Die Sammlung zeigt über 60 Werke des Künstlers. "Die Ausstellung ist mehr oder weniger chronologisch gehängt. Sie legt ihren Schwerpunkt auf die `20er Jahre und zeigt Höhepunkte seiner Kunst sowie Serien," berichtet Susanne Meyer-Büsel, die Kuratorin.
Soutine ist wohl Maler durch und durch; Zeichnungen von ihm sind wohl nicht bekannt. Die Bilder mögen in Rot gehalten sein, wirken aber teilweise düster.
Die Ausstellung gefällt. Läßt man sich als Besucher auf den Künstler und sein Werk ein, erhält der Besucher auch kunstwissenschaftliche Herzensbildung vermittelt. Der Besucher lernt einen Künstler kennen, der sich auf Augenhöhe zur expressionistischen Avantgarde bewegt.

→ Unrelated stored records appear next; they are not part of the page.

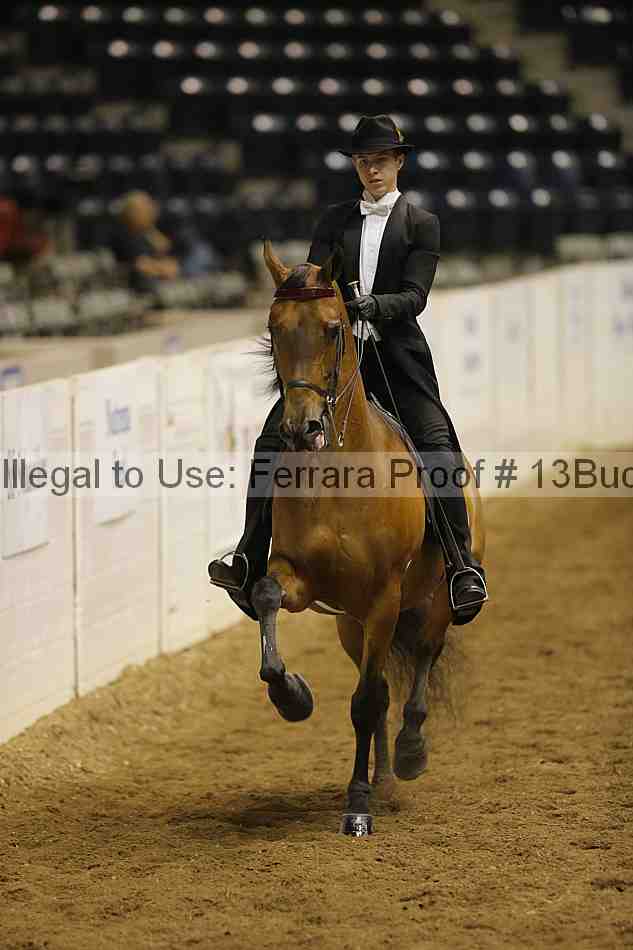 Proof 13buck_6340
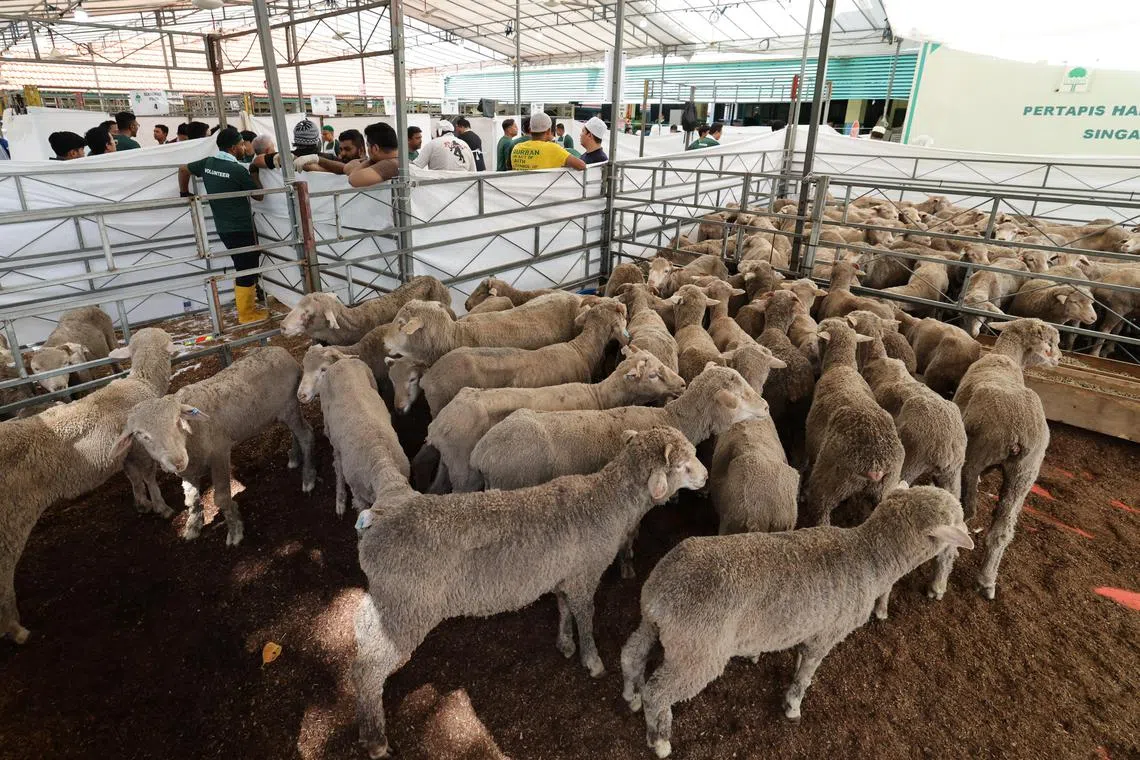 新加坡回教研究会星期六再次在中途之家举行哈芝节宰牲。研究会今年从澳大利亚进口逾120只山羊，比去年增加约两成。（梁麒麟摄）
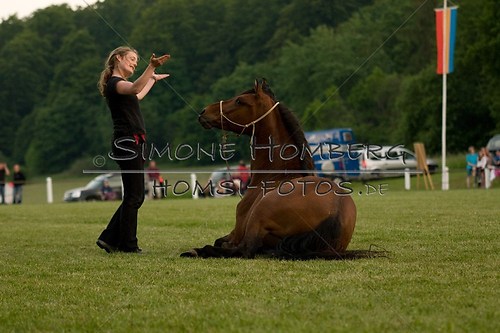 (c)SimoneHomberg_Ponyfest_Schauprogramm_20150606_0855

Es gibt ein umfangreiches Rahmenprogramm.
Susanne Meyer-Büser (Hrsg.): Naim Soutine Against the current; Hatje - Cantz Verlag Berlin 2023; 175 Seiten; ISBN: 978-3-7757-5541-2
Chaim Soutine (1893 - 1943) ist ein osteuropäisch-(französisch)-jüdischer Maler, der zur Creme de la Creme des Expressionismus gehört und auf Augenhöhe zur Avantgarde Malerei produziert.
Das K 20 Kunstsammlung Nordrhein-Westfalen, in der nordrhein-westfälischen Landeshauptstadt Düsseldorf gelegen, widmet ihm im Herbst 2023 eine umfassende Tetrospektive. Die `20er Jahre stehen im Vordergrund; gezeigt werden Porträts, Stilleben sowie Landschften. Dies ist der dazugehörige Ausstellungskatalog.

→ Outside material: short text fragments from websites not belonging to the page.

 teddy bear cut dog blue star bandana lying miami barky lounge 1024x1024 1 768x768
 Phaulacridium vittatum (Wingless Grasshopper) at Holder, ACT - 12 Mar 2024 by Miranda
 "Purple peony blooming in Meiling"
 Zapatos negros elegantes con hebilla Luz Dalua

Meyer-Bösel ist nicht nur die Herausgeberin des vorliegenden Ausstellungskataloges; zusammen mit anderen Autoren versucht sie, dem interessierten Leser Leben und Schaffen Soutines kunstwissenschaftlich näherzubringen.
Der farbige Bildteil in der Mitte ist allerdings der Hauptteil des Buches. Hier sind die ausgestellten Exponate abgebildet. Der Betrachter erhält so einen guten Überblick über Ausstellung und Kunstwerke.

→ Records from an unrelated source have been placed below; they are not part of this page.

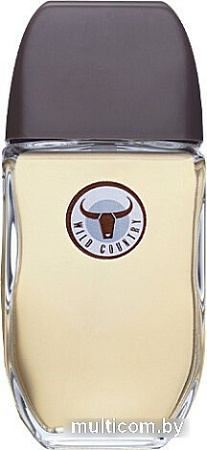 Туалетная вода Avon Wild Country EdT (75 мл)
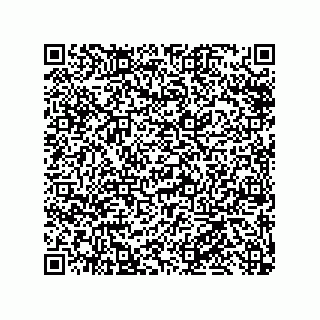 vCard 79585411173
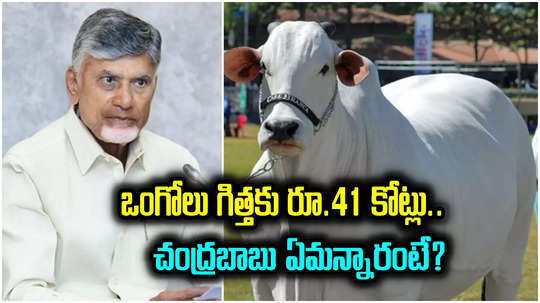 Chandrababu: వేలంలో రూ.41 కోట్లు పలికిన ఒంగోలు గిత్త.. చంద్రబాబు రియాక్షన్ ఇదే..!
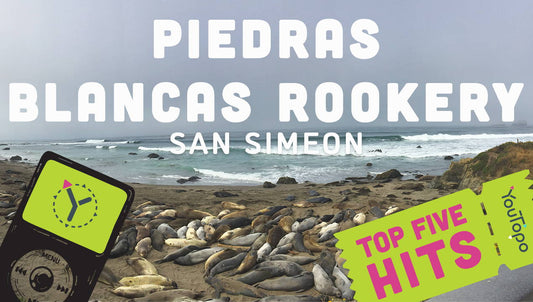 Top 5 Family Hits at San Simeon Elephant Seals Rookery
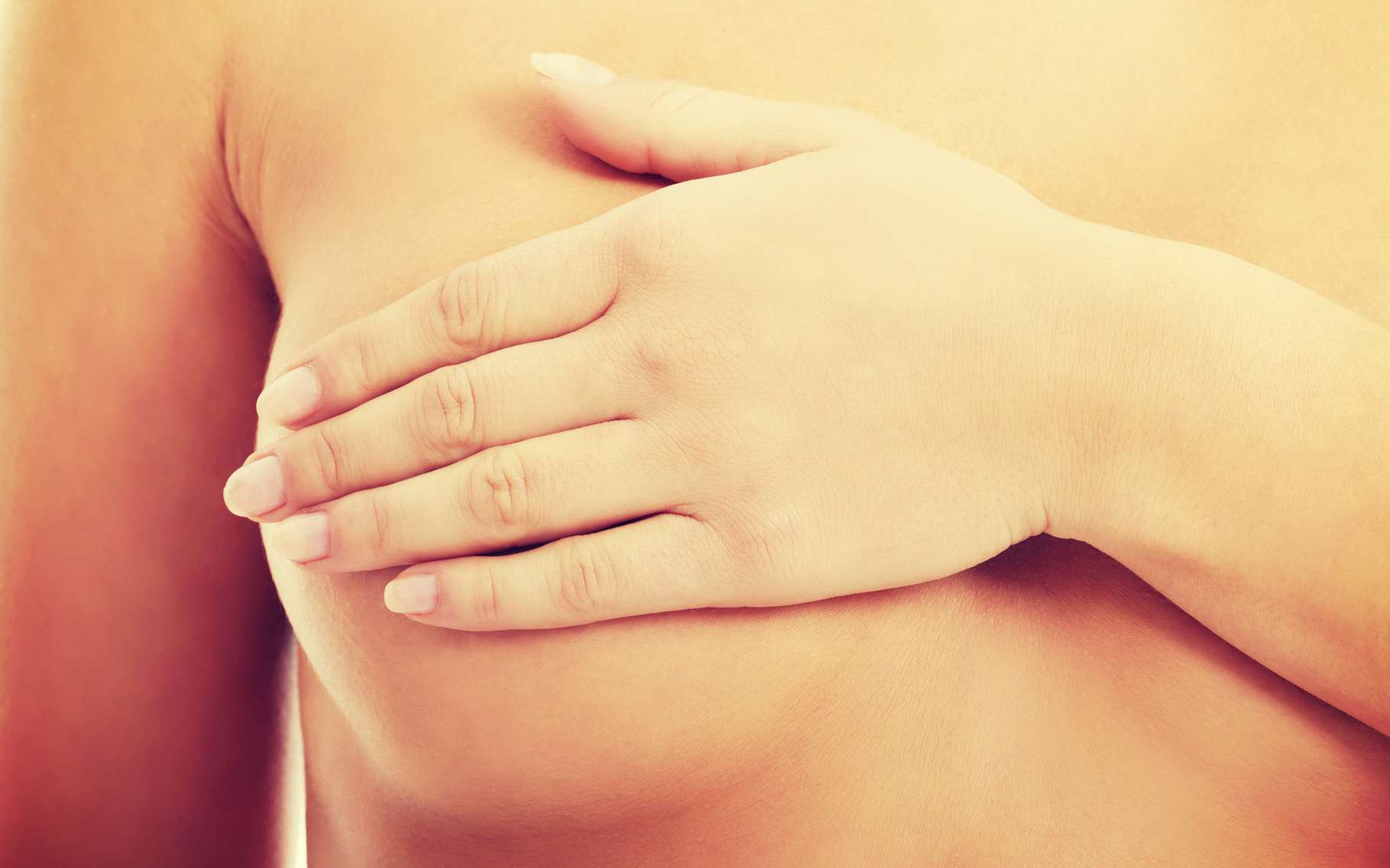 A Quels Seins Se Vouer Taille De La Poitrine Et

Der Katalog solte nicht den Besuch im K20 ersetzen. Zumindest auf mich persönlich wirken die Gemälde im Original irgendwie anders, düsterer und eindringlicher.
Der Katalog ist natürlich ein Leistungsnachweis des Museums, aber auch Gedächtnisstütze und Bildungsangebot für den Leser. Es sollte schon in den heimischen Bücherschrank gehören.